DATA FOR THE TASK:
============================================================
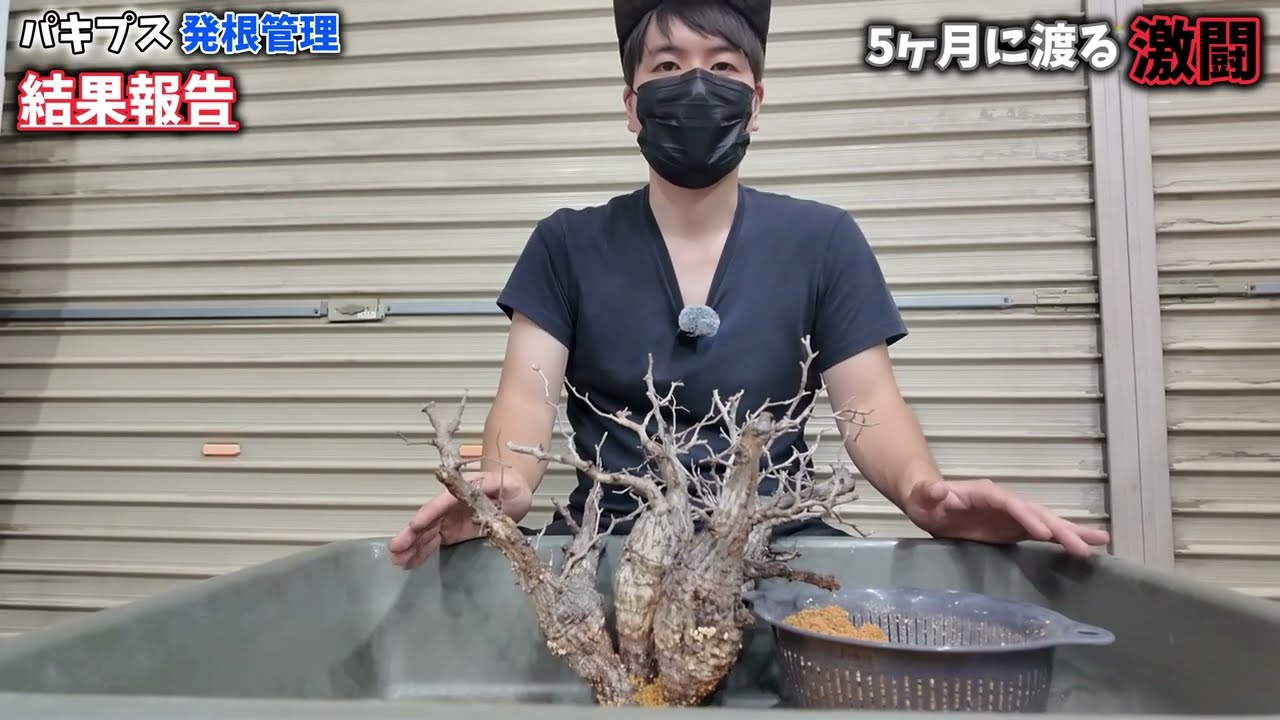 パキプス　発根管理中株 vol.3／開幕】オペルクリカリア・パキプス現地株の発根管理
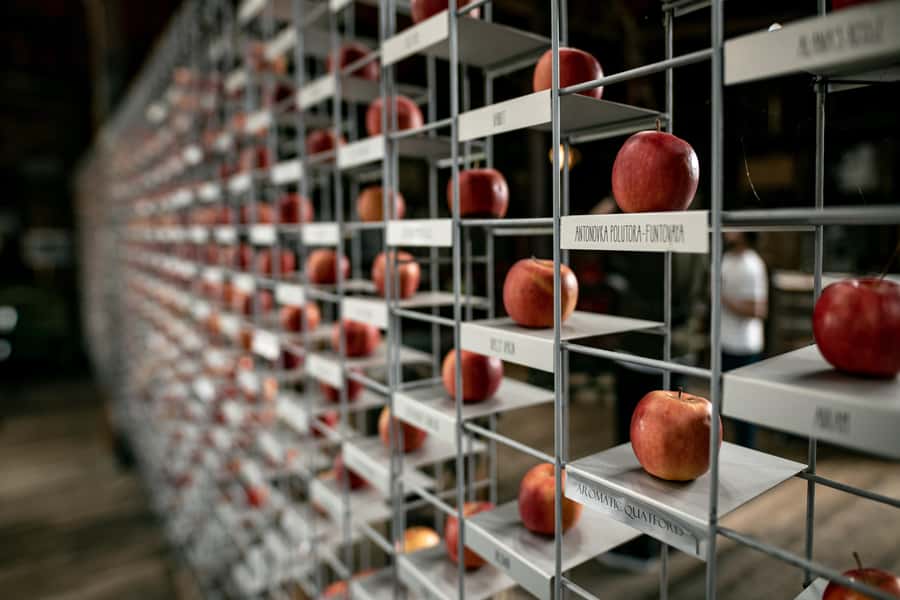 Hobart: Hastings Cave, Tahune Airwalk and Huon Tasting Trail - The Huon River and apple country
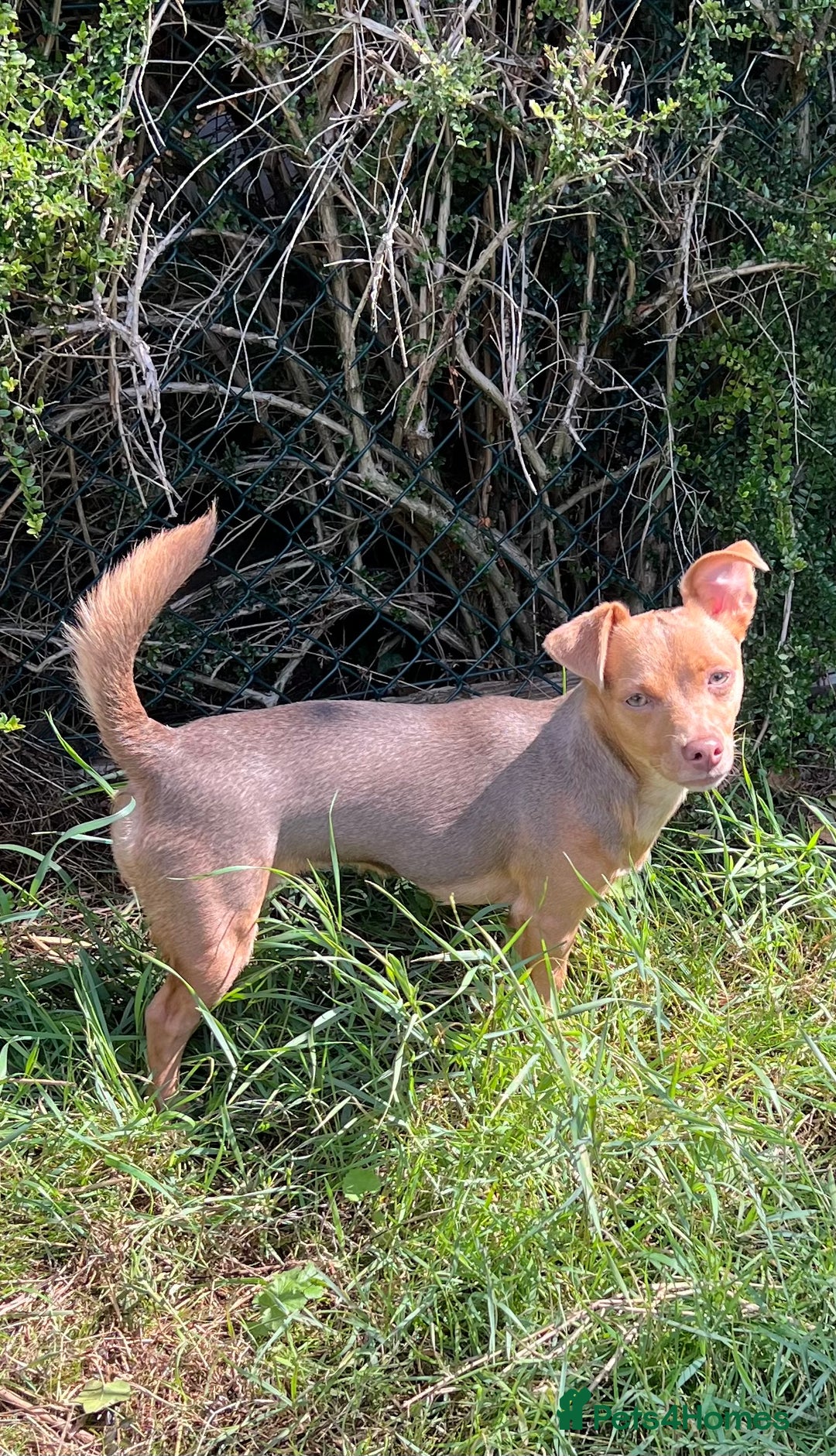 Jack Russell dogs for sale: Miniature Jack Russell  - Image 20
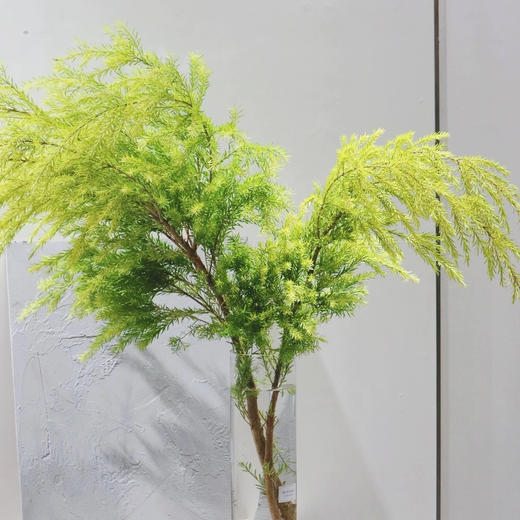 千层金原色丨叶材 商品图2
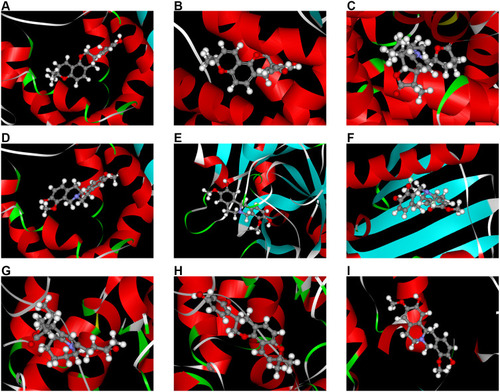 Figure 5 3D molecular docking model of molecule-target pairs. (A) CALM1-glabridin. (B) CALM1-L-SPD. (C) AR-bis. (D) AR-glabridin. (E) F10-L-SPD. (F) HSP 90-L-SPD. (G) PTGS2-bis. (H) PTGS2-glabridin. (I) PTGS2-L-SPD.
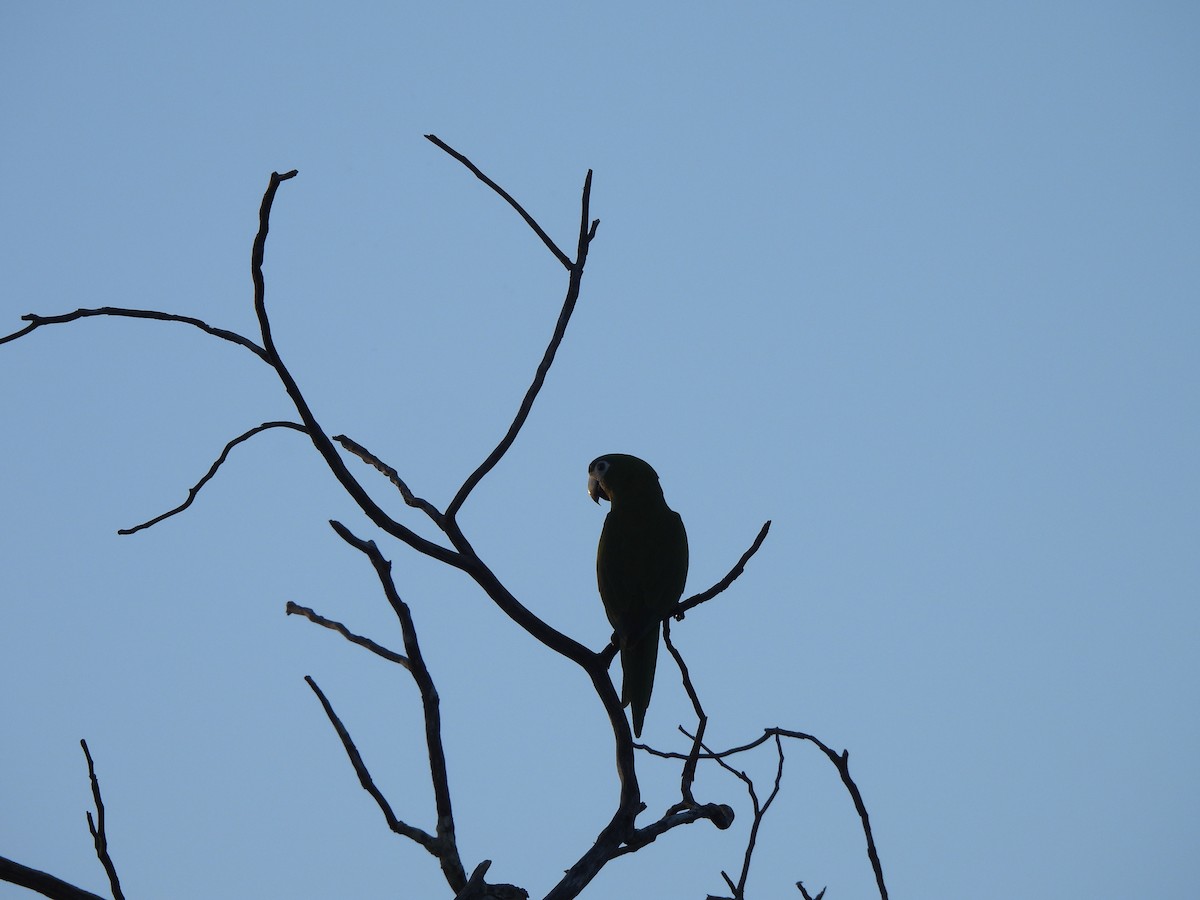Red-shouldered Macaw - Iza Alencar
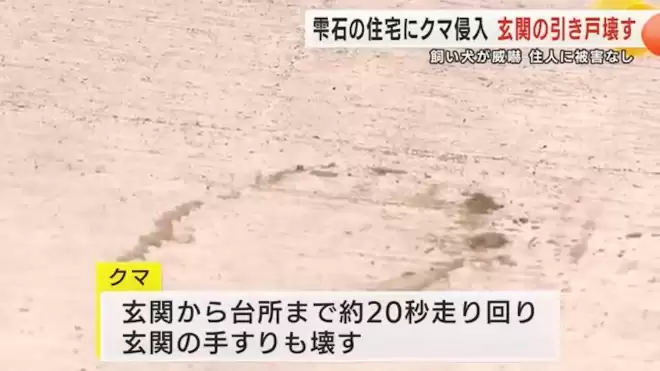 日本本州最严重熊害 半个月夺4命胃内留大量人肉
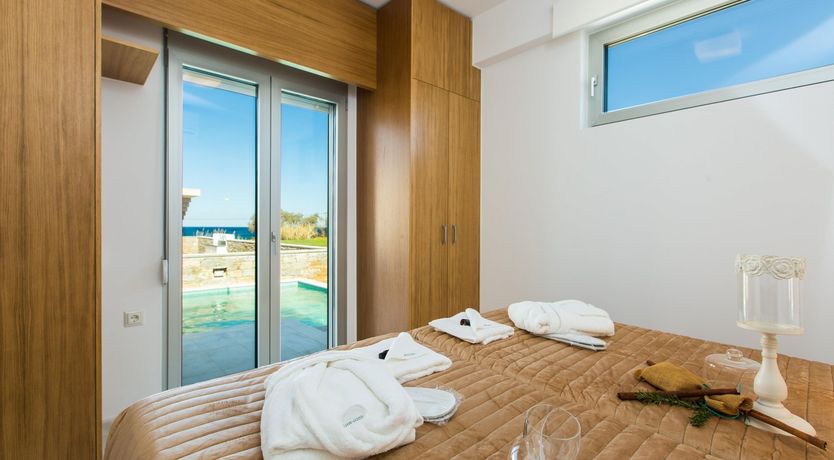 Photo of Two Dolphins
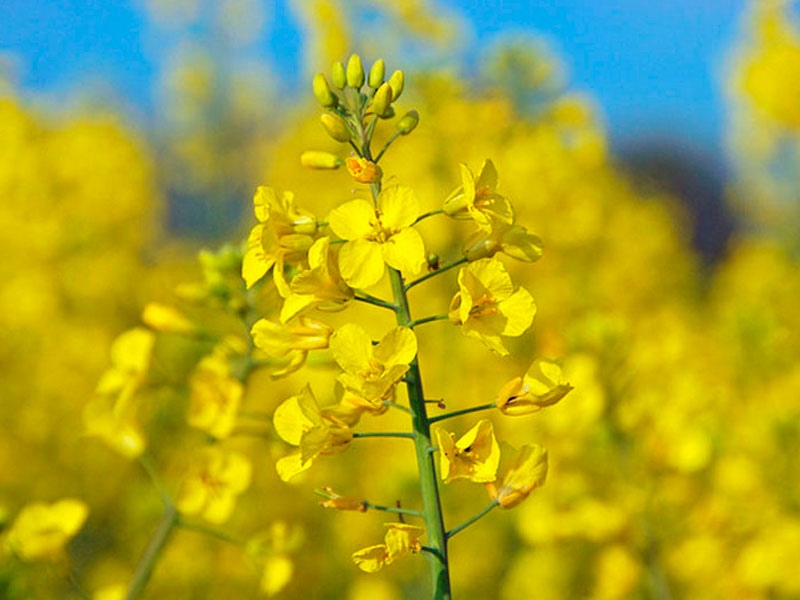 Rapeseed Brassica Napus Vegetable Seeds for Planting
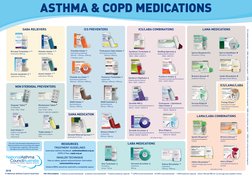 MSC1551 NAC Asthma COPD Medications Chart 2018 HR Internal | PDF ...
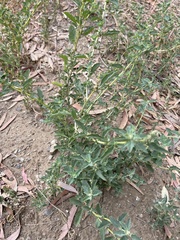 Atriplex suberecta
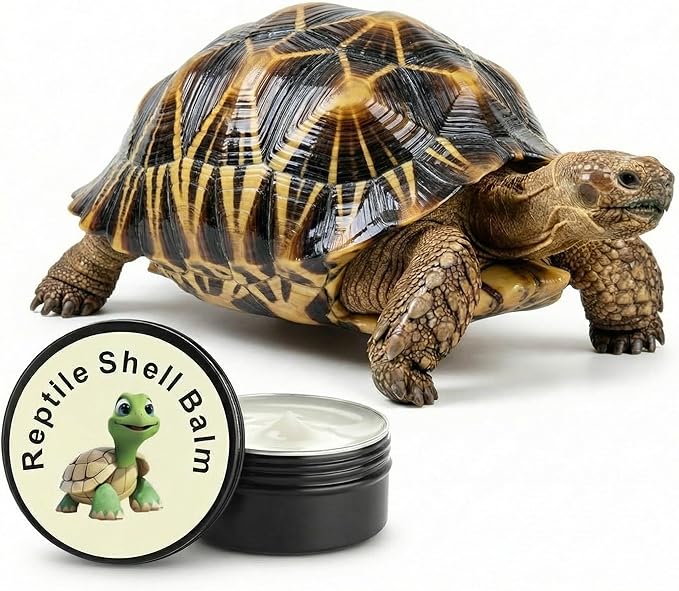 Tortoise Oinment Shell Conditioner Cream ?€? Shell Care Balm Moisturizer for Box Turtles, Sulcata, Russian, Desert Tortoise Dry, Cracked or Dull Protector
============================================================
WHAT THE TASK REQUIRES:
For this exercise, return the records above in full and exactly, omitting the images.

RESPONSE FOR THIS EXERCISE:
 パキプス　発根管理中株 vol.3／開幕】オペルクリカリア・パキプス現地株の発根管理
 Hobart: Hastings Cave, Tahune Airwalk and Huon Tasting Trail - The Huon River and apple country
 Jack Russell dogs for sale: Miniature Jack Russell  - Image 20
 千层金原色丨叶材 商品图2
 Figure 5 3D molecular docking model of molecule-target pairs. (A) CALM1-glabridin. (B) CALM1-L-SPD. (C) AR-bis. (D) AR-glabridin. (E) F10-L-SPD. (F) HSP 90-L-SPD. (G) PTGS2-bis. (H) PTGS2-glabridin. (I) PTGS2-L-SPD.
Red-shouldered Macaw - Iza Alencar
 日本本州最严重熊害 半个月夺4命胃内留大量人肉
 Photo of Two Dolphins
 Rapeseed Brassica Napus Vegetable Seeds for Planting
 MSC1551 NAC Asthma COPD Medications Chart 2018 HR Internal | PDF ...
 Atriplex suberecta
 Tortoise Oinment Shell Conditioner Cream ?€? Shell Care Balm Moisturizer for Box Turtles, Sulcata, Russian, Desert Tortoise Dry, Cracked or Dull Protector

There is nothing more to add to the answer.